■ Data segment
────────────────────

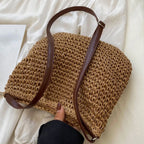 Sac bandoulière femme en paille tressée et similicuir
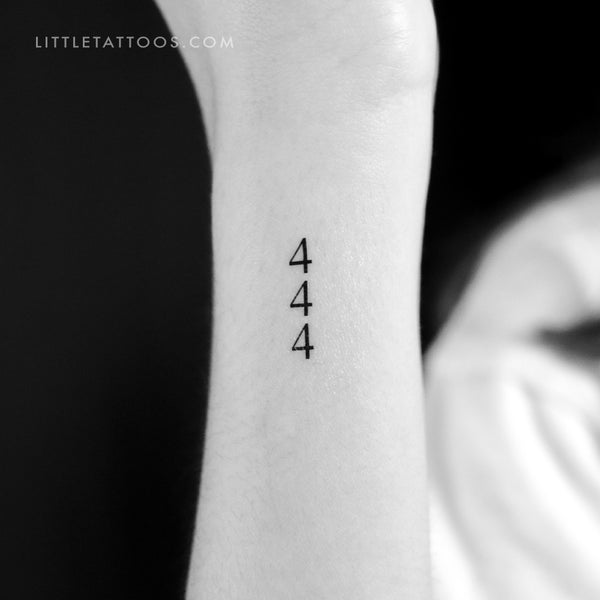 Small Vertical 444 Temporary Tattoo - Set of 3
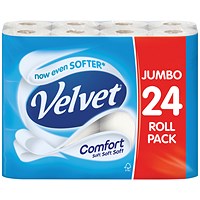Velvet Comfort Toilet Roll 2Ply White (Pack Of 24) 1102049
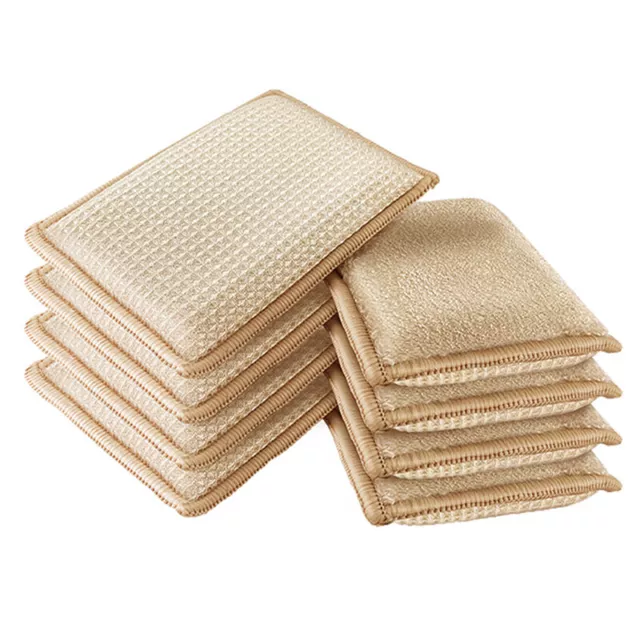 Juego de 6 piezas de almohadillas de fregado de fibra de bambú para lavar platos toalla esponja exfoliante trapo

────────────────────

Start at the first line and set down all of the data exactly, passing over the pictures.

■ Answer box
 Sac bandoulière femme en paille tressée et similicuir
 Small Vertical 444 Temporary Tattoo - Set of 3
Velvet Comfort Toilet Roll 2Ply White (Pack Of 24) 1102049
 Juego de 6 piezas de almohadillas de fregado de fibra de bambú para lavar platos toalla esponja exfoliante trapo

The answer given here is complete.